To fernballan. I can see a question mark to your post of Oct 31 (Time delay machine on LOL).I appreciate your answer but unable to decode
the meaning.If i may be of any help please post.
Arscats


----------



## GoceKU (Apr 28, 2018)

My lathe is russian made, i also have lots of tooling made in russia, there stuff is bulky some time rough around the edges but made to last forever and cheap.


----------



## ariscats (Apr 28, 2018)

I would like to see pictures of Russian measuring tools,if i am not pushing a big burden on you.
Ariscats


----------



## fernballan (Apr 28, 2018)

ariscats said:


> To fernballan. I can see a question mark to your post of Oct 31 (Time delay machine on LOL).I appreciate your answer but unable to decode
> the meaning.If i may be of any help please post.
> Arscats


I do not quite understand what you mean


----------



## ddickey (Apr 28, 2018)

I bought two USSR straight edges. Pretty much junk. My guess is I got rejects. Not even close to being flat.


----------



## ariscats (Apr 29, 2018)

To fernballan . In your posting of Oct 31 2017, #4, there is a quote of my posting about using Russian instruments and your comment is only a question
mark(?). May be a spurious response or something of the software.Anyway thanks.
Ariscats


----------



## GoceKU (Apr 29, 2018)

ddickey said:


> I bought two USSR straight edges. Pretty much junk. My guess is I got rejects. Not even close to being flat.

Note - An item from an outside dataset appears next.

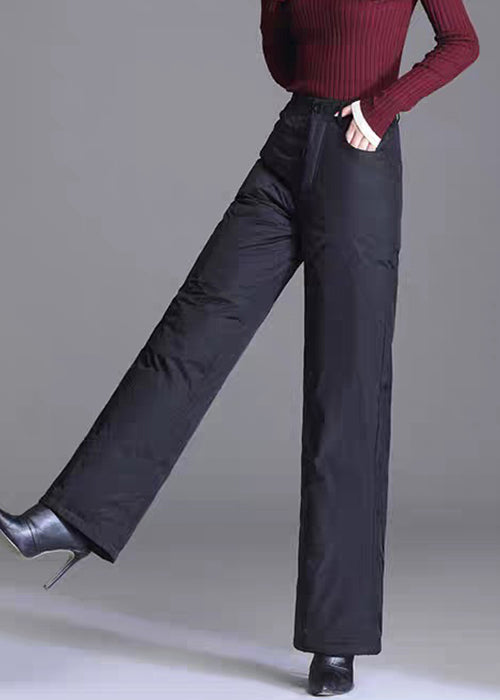 Slim Fit Red Pockets Solid Fine Cotton Filled Straight Pants Winter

Are they twice as heavy as they need to be?


----------



## fernballan (Apr 29, 2018)

ariscats said:


> I would like to see pictures of Russian measuring tools,if i am not pushing a big burden on you.
> Ariscats


----------



## fernballan (Apr 29, 2018)

ddickey said:


> I bought two USSR straight edges. Pretty much junk. My guess is I got rejects. Not even close to being flat.

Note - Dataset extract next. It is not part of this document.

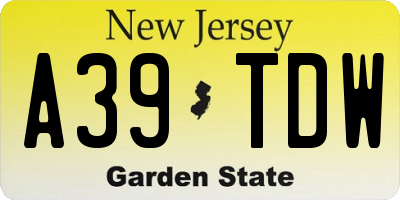 NJ license plate A39TDW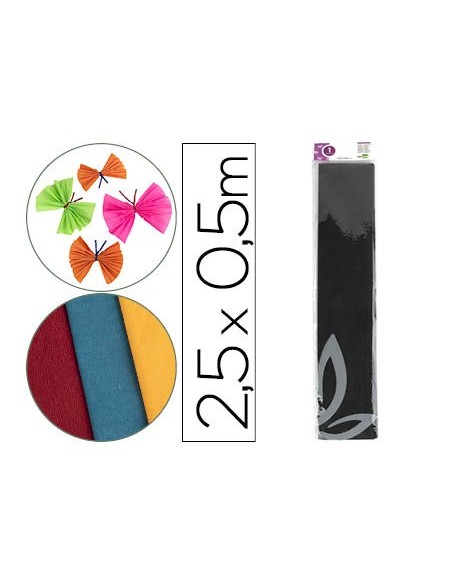 PAPEL CRESPON 0.50 X 2.50 MT NEGRO ENCELOFANADO PAPEL CRESPON 0.50 X 2.50 MT NEGRO ENCELOFANADO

I only have good experience of Russian tools. Maybe I've had luck or that there's more Russian stuff. I live close to Russia


----------



## Richard King 2 (Apr 29, 2018)

Every Russian Tool I have seen were well built.  I would prefer USA, Swiss or European built  tool but if I had a choice between Chinese or Russian I would go Russian every time. I hired a fellow from the Ukraine years ago and he was a Journeyman Scraper over there and he was one of the best hand scrapers I had ever met ever.


----------



## fernballan (Apr 29, 2018)

Richard King 2 said:


> Every Russian Tool I have seen were well built.  I would prefer USA, Swiss or European built  tool but if I had a choice between Chinese or Russian I would go Russian every time. I hired a fellow from the Ukraine years ago and he was a Journeyman Scraper over there and he was one of the best hand scrapers I had ever met ever.


They were first in space so I do not think they're making such bad stuff Richard


----------



## ariscats (Apr 29, 2018)

Thanks for the pictures.Is this a toolmakers microscope?
Ariscats


----------